These studies show that LSTM model has good applicability in flood runoff process prediction. LSTM has a high prediction accuracy for runoff processes, which is mainly reflected in that when the prediction period is within 3 h, the NSE is more than 0.8. However, these studies also have some shortcomings. Which are mainly reflected in the relatively large error of the model for forecasting flood peak, and the overall accuracy also shows a significant negative change with the increase of the prediction period. This is because as the time interval between input and output data increases during the training period, resulting in a weakening of the spatial–temporal dependencies of the sequence data26. At this time, it is difficult for machine learning to learn the potential relationship between Pt, Qt and Qt+i spatial–temporal sequence data in the confluence calculation, leading to a decrease in prediction accuracy.
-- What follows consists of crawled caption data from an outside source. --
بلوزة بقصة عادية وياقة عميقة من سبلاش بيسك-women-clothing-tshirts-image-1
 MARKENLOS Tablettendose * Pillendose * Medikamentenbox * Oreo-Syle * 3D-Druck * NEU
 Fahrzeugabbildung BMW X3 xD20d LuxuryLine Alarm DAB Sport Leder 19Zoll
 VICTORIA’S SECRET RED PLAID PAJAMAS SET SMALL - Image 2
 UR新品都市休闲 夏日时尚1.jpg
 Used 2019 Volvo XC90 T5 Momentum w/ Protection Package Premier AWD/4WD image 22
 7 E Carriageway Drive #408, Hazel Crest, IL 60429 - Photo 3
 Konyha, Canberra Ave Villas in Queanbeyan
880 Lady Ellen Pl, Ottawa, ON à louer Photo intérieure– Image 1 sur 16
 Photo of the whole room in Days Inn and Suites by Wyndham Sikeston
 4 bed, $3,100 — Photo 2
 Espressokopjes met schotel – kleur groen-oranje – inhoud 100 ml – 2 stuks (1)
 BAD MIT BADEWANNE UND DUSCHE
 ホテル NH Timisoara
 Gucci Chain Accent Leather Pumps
Therefore, this study proposes a machine learning flood forecasting method based on the vector direction (VD) of flood process. By increasing the input data dimension of LSTM model, it is helpful for LSTM to better explore the change features of rising and receding flood runoff process, and reduce the training gradient error of input–output data of LSTM model, so as to improve the accuracy of flood forecasting. The VD-LSTM model consisting of coupling VD and LSTM model is expected to further improve the accuracy of machine learning models.

Methods

The characteristic equation based on vector direction of flood process

Runoff process vectorization is realized by constructing the characteristic equation based on the vector direction of the flood runoff process. The basic idea is to convert the flood runoff process line into a vector curve with time series. The vector eigenvalue is determined by the time step and the numerical value of discharge at adjacent times, where positive, negative and parallel vector directions correspond to rising, receding and flat flood process respectively27. The principle of the flood process line vectorization method is shown in Fig. 1. The specific calculation process involves dividing the field-level flood runoff processes into several small segments with a given time interval, and then solving for vector values kt for each segment. The definitions of vector direction characteristic equations are as follows.

  1. (1)

    The vector direction is “+” (Rising flood process):

    $$ k_{t} = \tan \theta_{t} = \frac{{Q_{t} - Q_{t - \Delta t} }}{\Delta t} $$
    (1)
  2. (2)

    The vector direction is “−” (Receding flood process):

    $$ k_{t} = \tan \theta_{t} = \frac{{Q_{t - \Delta t} - Q_{t} }}{\Delta t} $$
    (2)
  3. (3)

    The vector direction is “0” (Flat flood process):

    $$ k_{t} = \tan \theta_{t} = 0 $$
    (3)

    where kt is the vector eigenvalue of the flood process line at time t, \(\theta_{t}\) is the value of the angle between the flood discharge process line and the time axis at time t, Qt is the flood discharge at time t, Qt−1 is the flood discharge at time t − 1, and \(\Delta t\) is the time step.

Fig. 1
figure 1

The computational schematic based on the characteristic formula for the vector direction of the flood process.

VD-LSTM model

LSTM is a special recurrent neural network (RNN). The difference between LSTM and RNN lies in the fact that the hidden layer in LSTM is composed of internal self-recurrent units, which can overcome the problems of gradient disappearance or explosion that are easy to occur in the Back Propagation Through Time (BPTT) algorithm of RNN. The memory cell unit has been added to the hidden layer of LSTM, replacing the original cell unit in RNN28,29. The structure of memory cell unit in the hidden layer of LSTM is as shown in Fig. 2.

Fig. 2
figure 2

Memory cell unit structure in LSTM hidden layer.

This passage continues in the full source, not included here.